The sweeping agricultural plain of eastern Croatia shares a border with Hungary to the north, Serbia to the east, and Bosnia and Herzegovina to the south. Long a vital transport route, particularly between Zagreb and Belgrade, Slavonia today is still recovering from the aftermath of the Yugoslav war of the early 1990s. Most infamously, the baroque town of Vukovar, whose siege and utter destruction in 1991 was viewed on televisions around the world. Despite some remaining hurdles and the unalterable fact that the coast is far away (along with most tourists), much of Slavonia today looks and feels almost as rejuvenated as the rest of Croatia. The region's sleepy towns and rural surroundings—from cornfields to forest-covered hills—have a distinctive low-key charm that can only be called Slavonian.
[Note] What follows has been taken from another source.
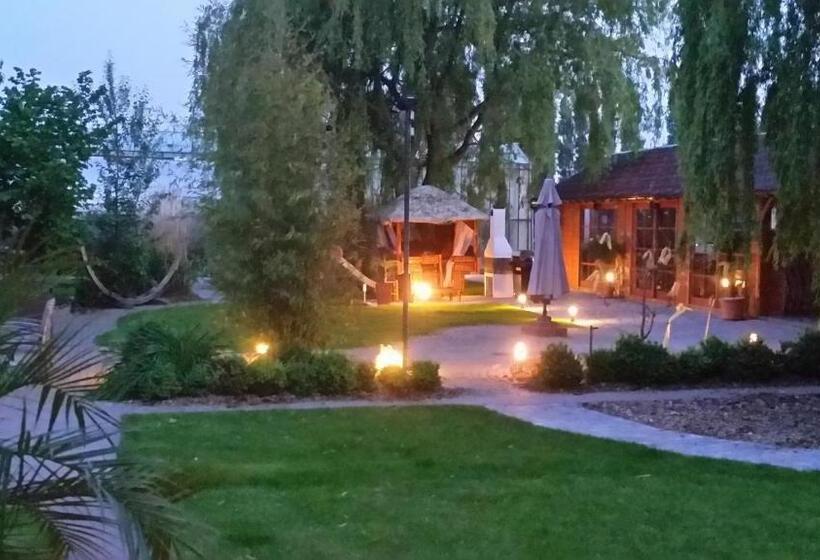 مبيت وإفطار Het Filipijns Slaaphuisje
Slavonia has been inhabited since ancient times, and the Romans had a settlement called Mursa on the outskirts of present-day Osijek. Though its flatness is broken in places—by the Papuk Hills in the center and around the celebrated wine region of Ilok in the east—the region's largely lowland terrain has been inhabited and traversed through the ages by more ethnicities than practically any other region of Croatia: Croats, Serbs, Hungarians, Germans, Ottomans, and others. First settled by Slavic tribes in the 7th century and later an integral part of the Hungarian-Croat kingdom, Slavonia experienced a major change of culture with Sultan Suleiman the Magnificent's march toward Hungary and Austria in 1526. For almost 150 years much of the region became an Ottoman stronghold. Osijek and Požega flourished not as part of Christian Europe, but rather as full-fledged, mosque-filled Turkish towns. The Turkish retreat in the late 17th century ushered in an era of Austrian influence, with Osijek, now with a vastly different look, the region's economic, administrative, and cultural capital. North of Osijek is the Baranja, a marshy, particularly fertile corner of northeastern Slavonia that straddles the gentle, vineyard-rich hills of southern Hungary to the north.